*** Extracted information ***

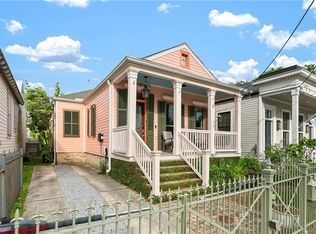 927 1st St, New Orleans, LA 70130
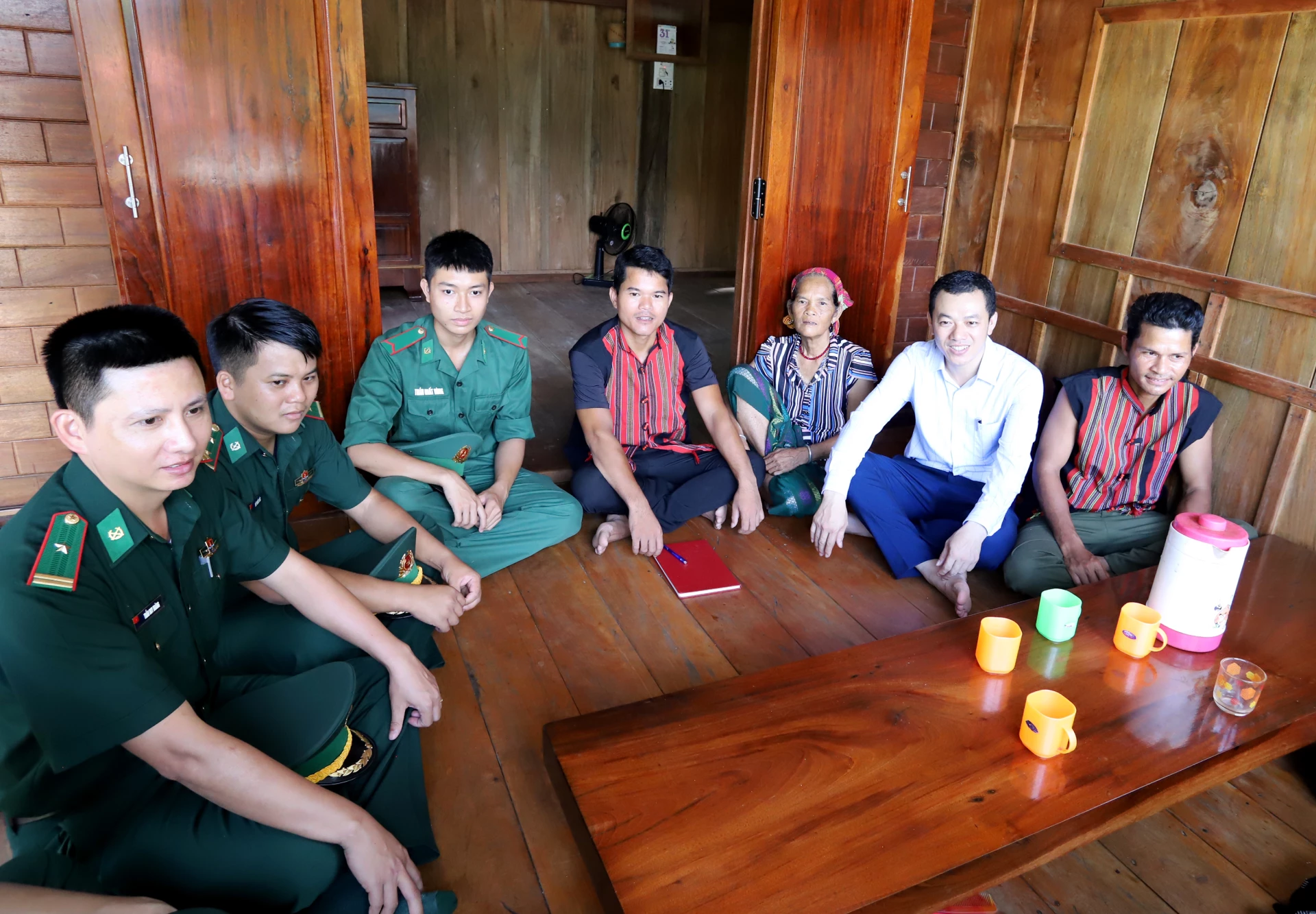 C&ocirc;ng t&aacute;c tuy&ecirc;n truyền, vận động người d&acirc;n tộc thiểu số tham gia c&aacute;c phong tr&agrave;o thi đua được đẩy mạnh tại x&atilde; Trường Sơn&nbsp;- Ảnh: T.L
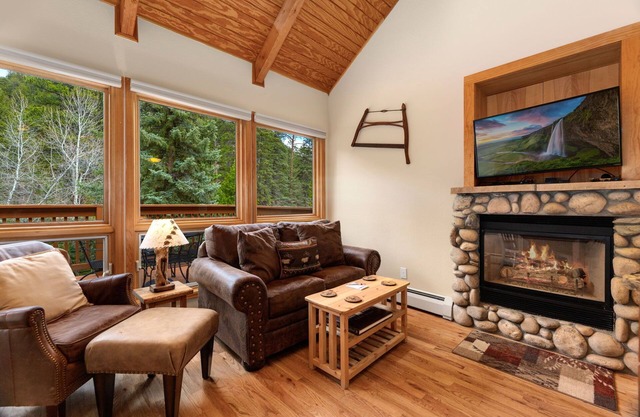 Creekside Suite 05 (NO HT)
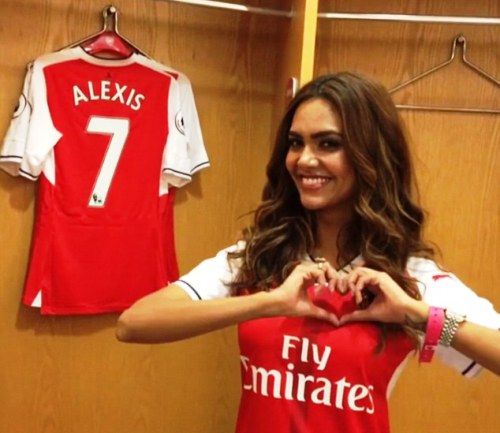 Esha Gupta, a huge fan of Arsenal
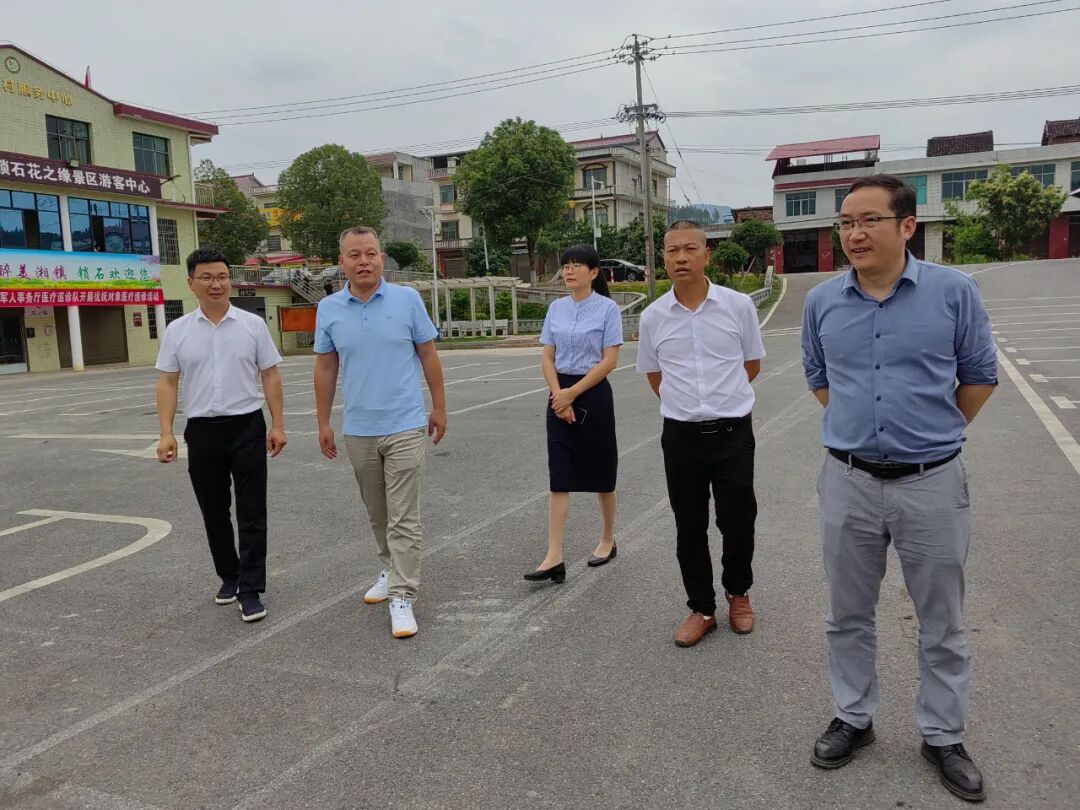 王安居热情地向代表们分享自己的选料和销售心得,现场祁阳市大村甸镇
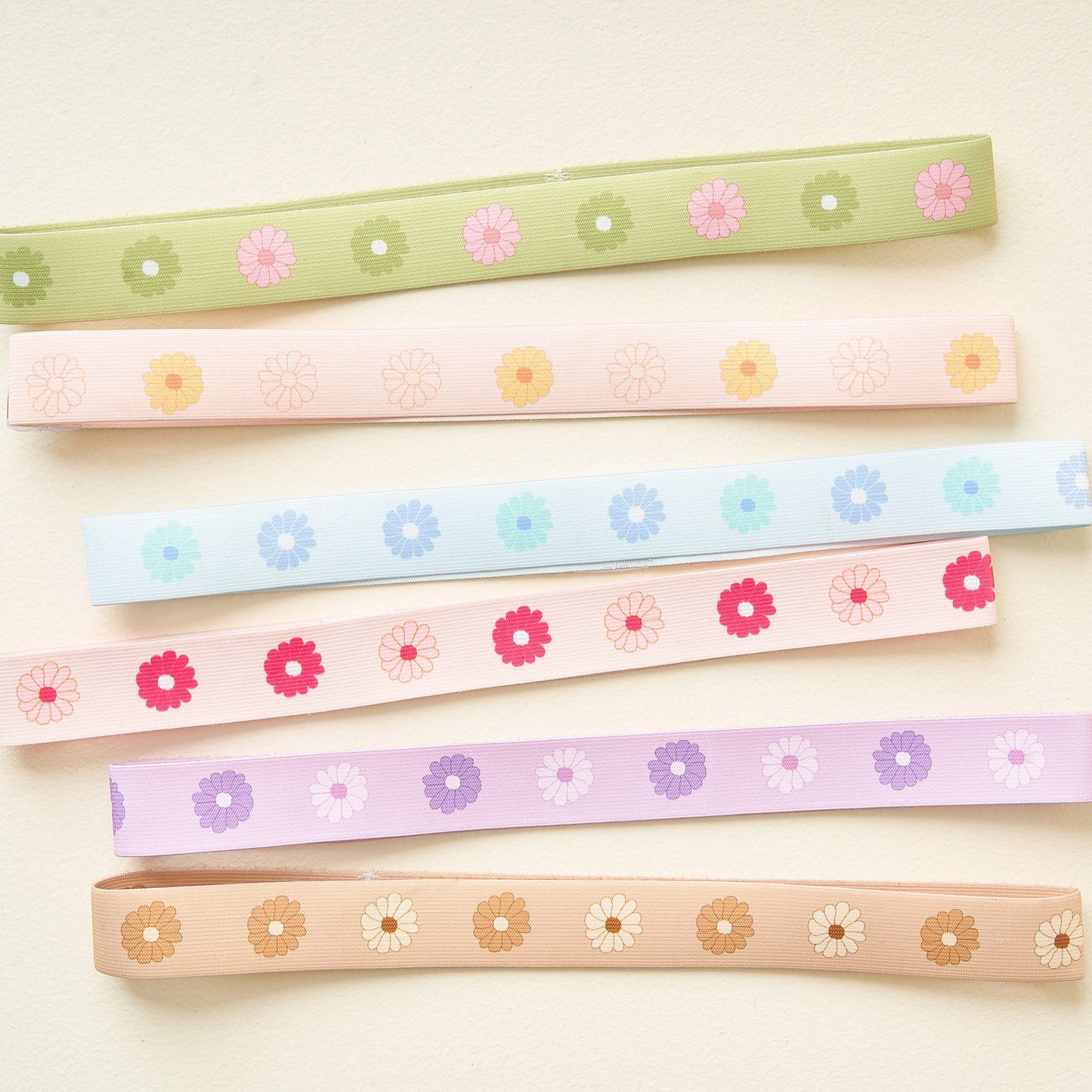 The Darling Effect - Stay-Put Towel Band-Darling Daisy Peach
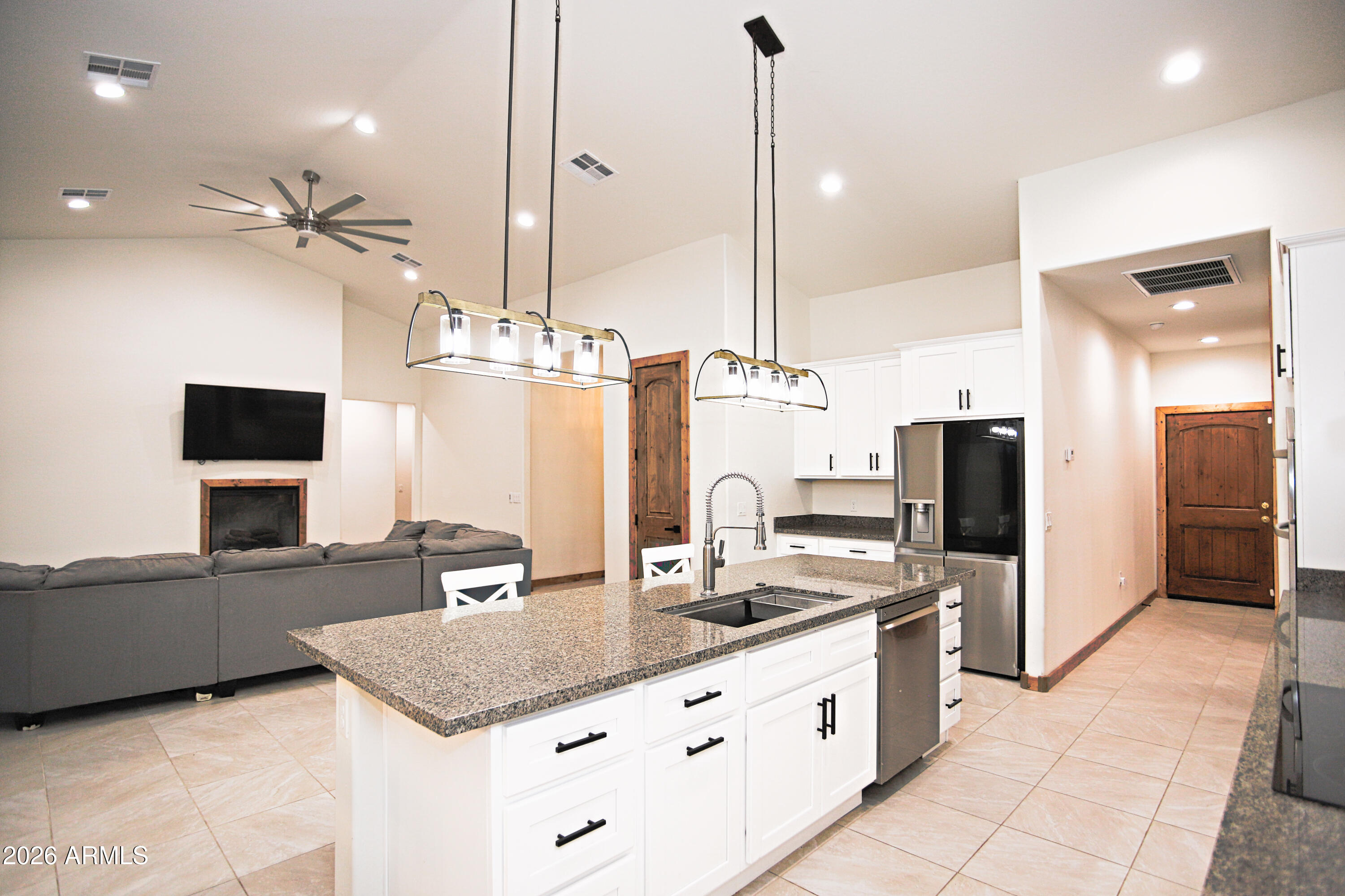 LAS MONTANAS UNIT I - Residential
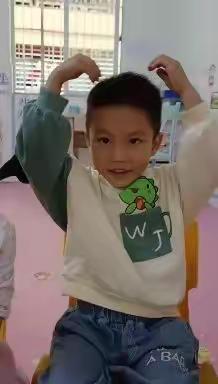 "爱的语言，温暖你我"琼山幼儿园金环分园小班第十一周成长瞬间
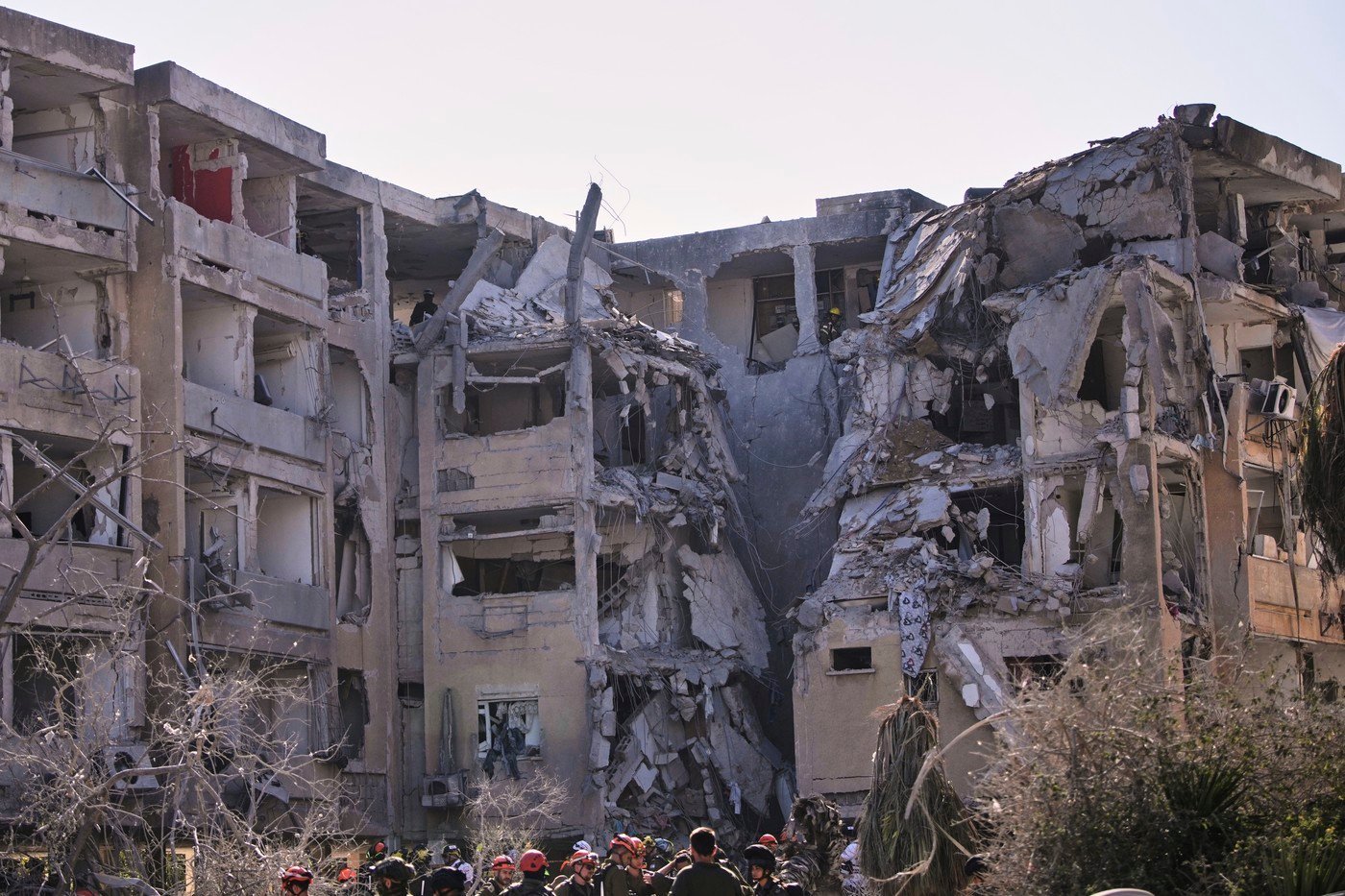 Israelul afirmă că o cameră a Hamas a fost ținta atacului de la Khan Yunis, care a dus la 20 de victime, inclusiv cinci jurnaliști, și susține că au fost uciși șase susținători ai grupării, unul dintre ei fiind implicat într-o infiltrare în Israel.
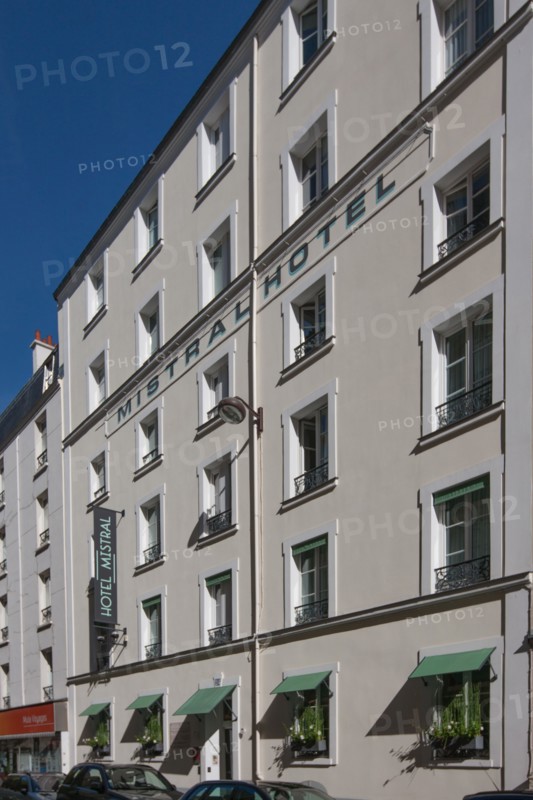 24 rue Cels, Hôtel Mistral où vécurent Sartre et Beauvoir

*** End of Extracted information ***

#### Assignment
Extract word for word every line from the line that contains "Esha Gupta, a huge fan of Arsenal" to the final line of the data, both included, and nothing else; skip the pictures.

#### Response below
 Esha Gupta, a huge fan of Arsenal
 王安居热情地向代表们分享自己的选料和销售心得,现场祁阳市大村甸镇
 The Darling Effect - Stay-Put Towel Band-Darling Daisy Peach
 LAS MONTANAS UNIT I - Residential
 "爱的语言，温暖你我"琼山幼儿园金环分园小班第十一周成长瞬间
 Israelul afirmă că o cameră a Hamas a fost ținta atacului de la Khan Yunis, care a dus la 20 de victime, inclusiv cinci jurnaliști, și susține că au fost uciși șase susținători ai grupării, unul dintre ei fiind implicat într-o infiltrare în Israel.
 24 rue Cels, Hôtel Mistral où vécurent Sartre et Beauvoir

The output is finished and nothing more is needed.